• **Problem requirements**
Output exactly, and only, the stretch of lines beginning at the line with "Constellation familiale individuelle" and ending at the last line of the listing below. Drop the pictures.
Data provided below:
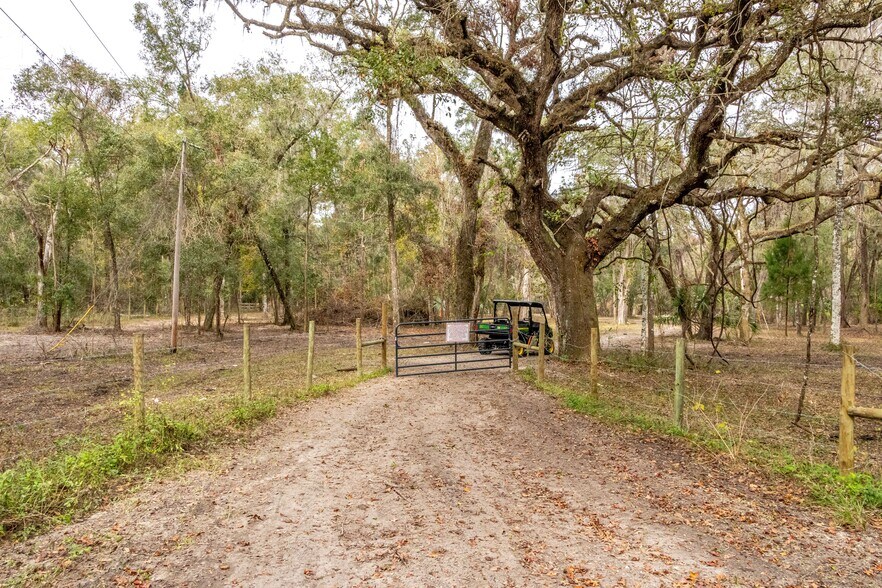 More Photos Of 24091 Richbarn Rd, Brooksville Land For Sale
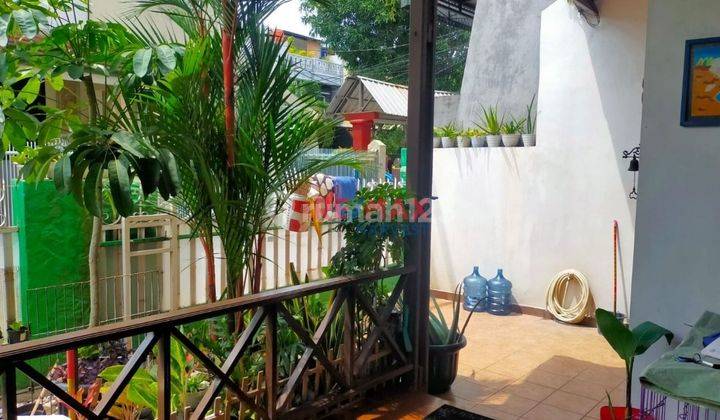 Rumah Cantik Asri Siap Tinggal  & bisa untuk buat kost2 an Tanjung Duren  1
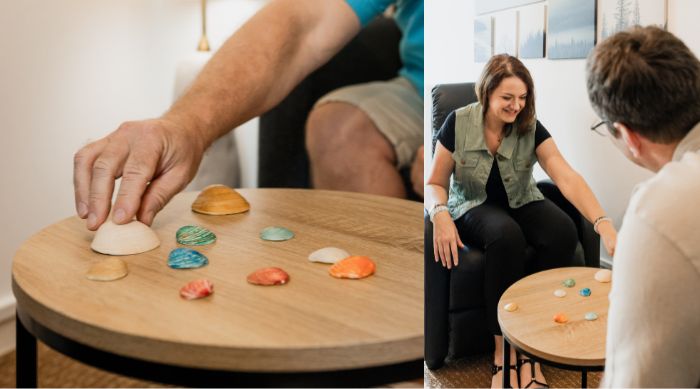 Constellation familiale individuelle où la cliente utilise des coquillages pour représenter sa famille et la problématique à résoudre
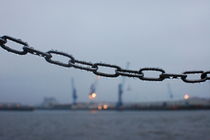 Chain by war-bryde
End of Data provided.
• **Answer below**
 Constellation familiale individuelle où la cliente utilise des coquillages pour représenter sa famille et la problématique à résoudre
 Chain by war-bryde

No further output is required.